For this exercise, output the entries below exactly from the line that holds "Community Playground - 941 Long Bluff Rd" to the line that holds "Imagini din vacanța", both ends included. No pictures belong in the copy.

DATA EXCERPTS =>
= = = =

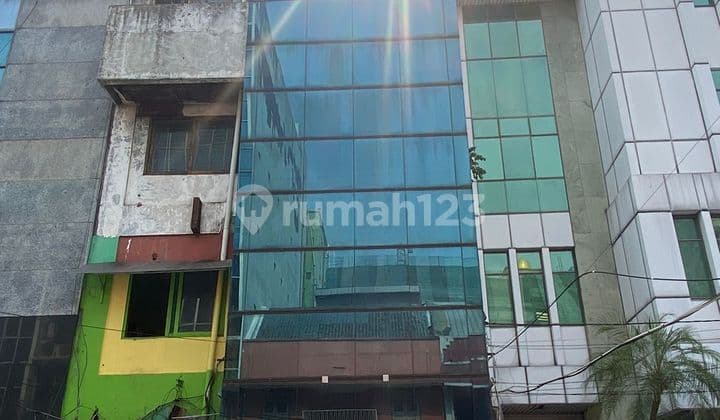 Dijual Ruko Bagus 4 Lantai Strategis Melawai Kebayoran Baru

= = = =

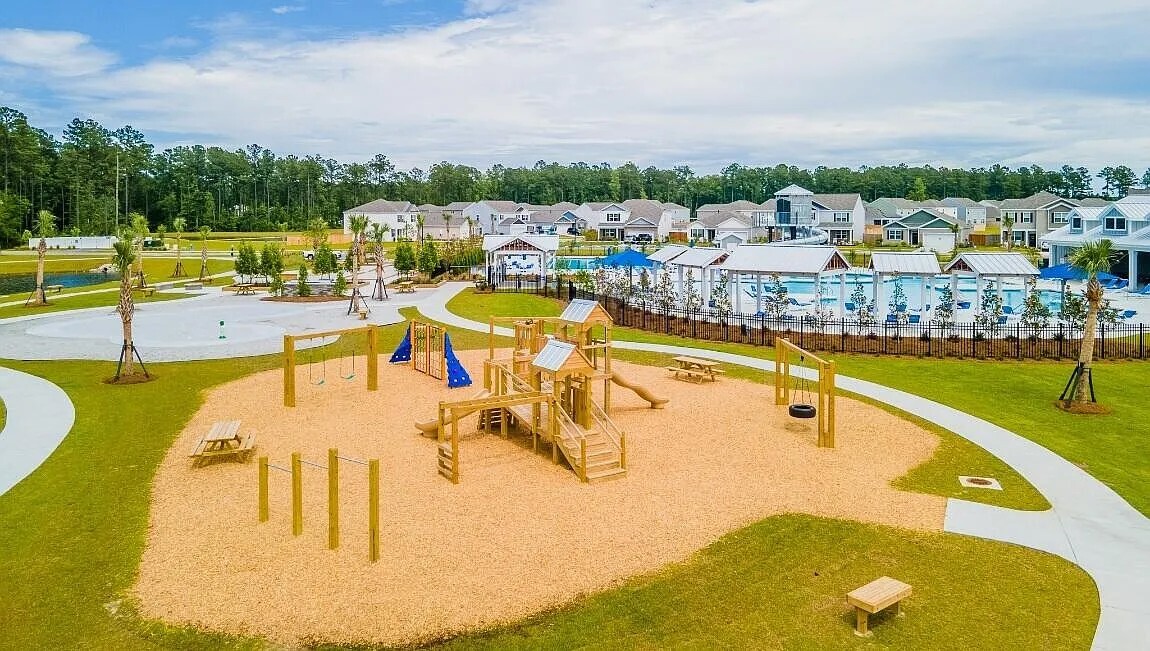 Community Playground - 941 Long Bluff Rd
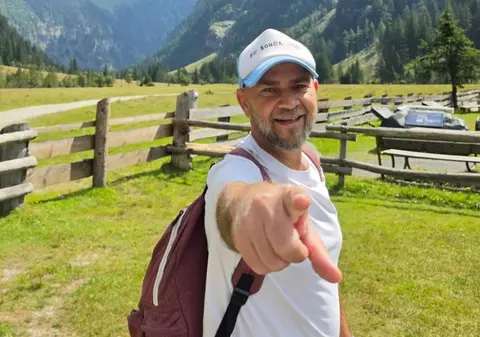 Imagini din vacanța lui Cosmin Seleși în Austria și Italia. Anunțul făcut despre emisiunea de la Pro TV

= = = =

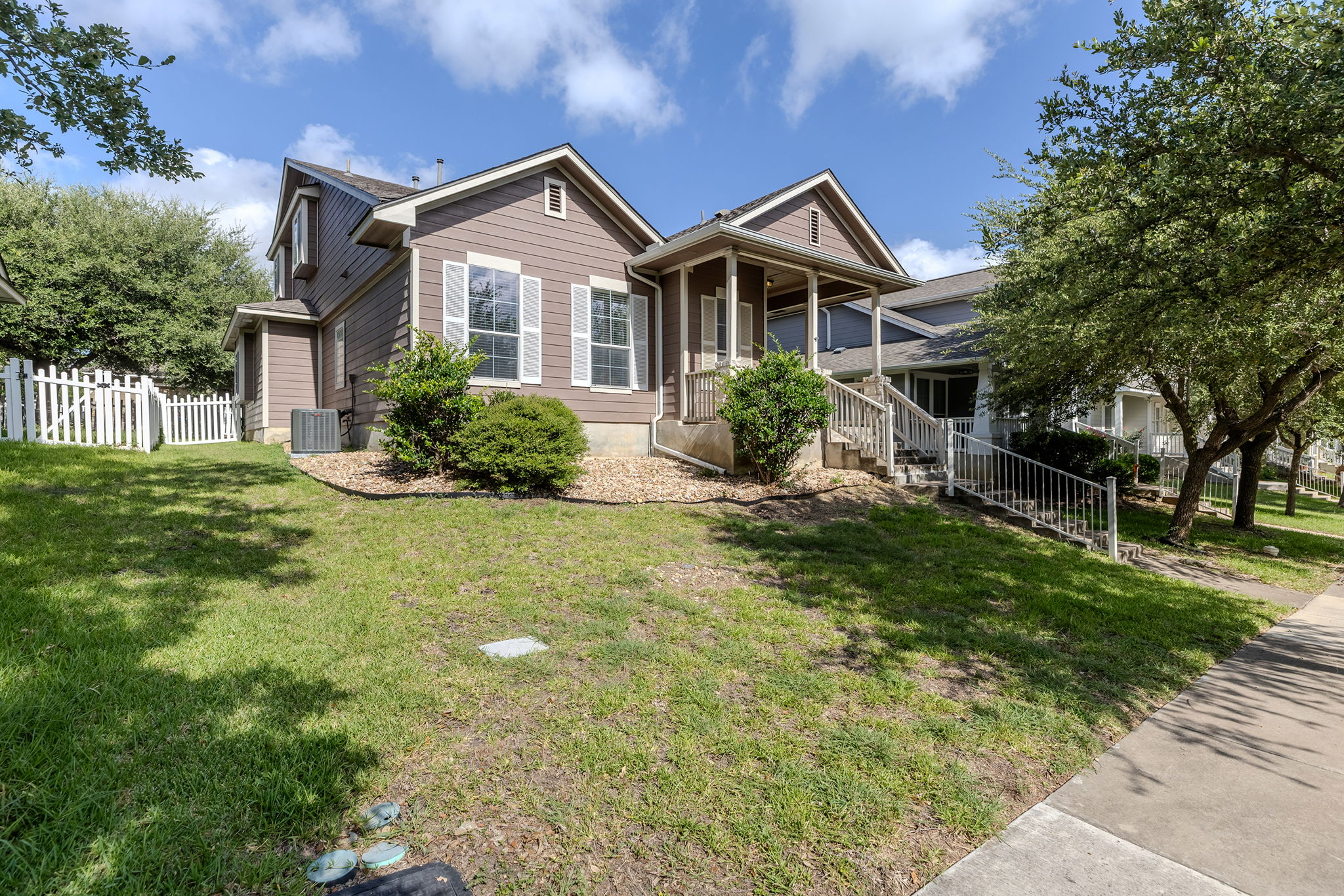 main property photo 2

= = = =

ANSWER TO THIS PROBLEM =>
 Community Playground - 941 Long Bluff Rd
 Imagini din vacanța lui Cosmin Seleși în Austria și Italia. Anunțul făcut despre emisiunea de la Pro TV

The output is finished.